··· Provided material ···
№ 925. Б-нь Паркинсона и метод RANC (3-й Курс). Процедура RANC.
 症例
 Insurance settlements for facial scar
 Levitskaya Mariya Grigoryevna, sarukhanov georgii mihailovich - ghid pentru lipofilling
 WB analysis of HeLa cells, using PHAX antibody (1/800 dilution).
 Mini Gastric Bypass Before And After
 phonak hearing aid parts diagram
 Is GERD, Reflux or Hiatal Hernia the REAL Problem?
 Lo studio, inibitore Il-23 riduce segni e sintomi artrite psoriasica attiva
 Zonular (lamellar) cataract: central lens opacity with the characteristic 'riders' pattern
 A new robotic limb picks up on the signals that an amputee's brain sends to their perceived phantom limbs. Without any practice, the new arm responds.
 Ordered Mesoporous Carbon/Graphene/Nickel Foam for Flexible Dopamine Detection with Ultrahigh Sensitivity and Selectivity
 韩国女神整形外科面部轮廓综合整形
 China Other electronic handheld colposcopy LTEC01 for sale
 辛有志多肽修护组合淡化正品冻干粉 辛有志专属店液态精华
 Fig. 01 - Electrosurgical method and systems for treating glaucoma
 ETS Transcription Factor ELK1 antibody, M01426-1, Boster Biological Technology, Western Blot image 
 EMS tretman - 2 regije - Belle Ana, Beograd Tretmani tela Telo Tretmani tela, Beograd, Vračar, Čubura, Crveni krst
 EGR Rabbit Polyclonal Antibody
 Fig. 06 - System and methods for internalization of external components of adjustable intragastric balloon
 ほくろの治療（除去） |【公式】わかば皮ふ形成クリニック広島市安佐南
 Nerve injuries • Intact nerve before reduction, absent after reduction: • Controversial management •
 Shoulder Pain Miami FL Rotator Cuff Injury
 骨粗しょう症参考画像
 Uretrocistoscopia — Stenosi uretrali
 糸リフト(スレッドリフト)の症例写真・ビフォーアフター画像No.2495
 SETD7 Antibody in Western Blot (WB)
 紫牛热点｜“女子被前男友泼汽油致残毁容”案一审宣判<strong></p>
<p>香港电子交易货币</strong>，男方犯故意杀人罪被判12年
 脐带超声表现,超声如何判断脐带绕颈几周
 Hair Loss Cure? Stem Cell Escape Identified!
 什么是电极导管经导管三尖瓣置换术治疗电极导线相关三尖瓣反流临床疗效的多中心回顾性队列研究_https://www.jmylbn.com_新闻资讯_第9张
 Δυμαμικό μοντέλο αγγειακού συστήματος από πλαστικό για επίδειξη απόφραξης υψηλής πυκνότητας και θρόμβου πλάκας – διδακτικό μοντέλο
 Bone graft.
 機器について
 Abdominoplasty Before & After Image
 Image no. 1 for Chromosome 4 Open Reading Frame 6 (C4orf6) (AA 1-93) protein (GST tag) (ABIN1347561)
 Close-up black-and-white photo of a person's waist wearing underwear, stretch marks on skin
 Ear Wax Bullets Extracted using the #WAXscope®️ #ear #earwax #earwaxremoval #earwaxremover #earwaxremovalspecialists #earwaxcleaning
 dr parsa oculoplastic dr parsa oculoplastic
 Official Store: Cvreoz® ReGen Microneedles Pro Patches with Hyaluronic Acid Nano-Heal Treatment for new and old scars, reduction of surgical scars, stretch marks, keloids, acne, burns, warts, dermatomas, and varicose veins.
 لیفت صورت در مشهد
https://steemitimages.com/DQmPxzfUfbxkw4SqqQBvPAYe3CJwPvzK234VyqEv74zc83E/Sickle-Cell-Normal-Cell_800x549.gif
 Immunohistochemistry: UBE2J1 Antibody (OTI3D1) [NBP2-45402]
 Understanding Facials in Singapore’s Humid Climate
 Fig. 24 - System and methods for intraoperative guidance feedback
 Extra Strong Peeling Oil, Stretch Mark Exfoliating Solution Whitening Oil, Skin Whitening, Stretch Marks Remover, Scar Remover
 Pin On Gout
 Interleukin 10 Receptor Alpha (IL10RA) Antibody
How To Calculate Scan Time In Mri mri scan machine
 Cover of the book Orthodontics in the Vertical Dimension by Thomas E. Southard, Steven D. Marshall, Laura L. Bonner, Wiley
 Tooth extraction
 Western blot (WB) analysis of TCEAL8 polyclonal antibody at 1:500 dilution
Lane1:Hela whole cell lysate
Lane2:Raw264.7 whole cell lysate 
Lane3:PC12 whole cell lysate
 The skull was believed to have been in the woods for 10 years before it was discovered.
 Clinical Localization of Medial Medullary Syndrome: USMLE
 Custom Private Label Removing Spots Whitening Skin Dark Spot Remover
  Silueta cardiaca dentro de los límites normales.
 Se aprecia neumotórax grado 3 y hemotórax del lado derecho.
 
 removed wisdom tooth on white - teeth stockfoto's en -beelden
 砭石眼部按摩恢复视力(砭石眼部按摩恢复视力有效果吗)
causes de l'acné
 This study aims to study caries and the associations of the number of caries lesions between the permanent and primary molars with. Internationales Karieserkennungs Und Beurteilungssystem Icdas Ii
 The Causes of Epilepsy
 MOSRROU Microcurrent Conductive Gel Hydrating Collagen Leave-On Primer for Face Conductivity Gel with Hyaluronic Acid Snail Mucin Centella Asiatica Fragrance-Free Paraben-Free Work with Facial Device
···
== Work request ==
Filter the records for lines holding the string "lysate". Copy each one.

== Output for this task ==
Lane1:Hela whole cell lysate
Lane2:Raw264.7 whole cell lysate 
Lane3:PC12 whole cell lysate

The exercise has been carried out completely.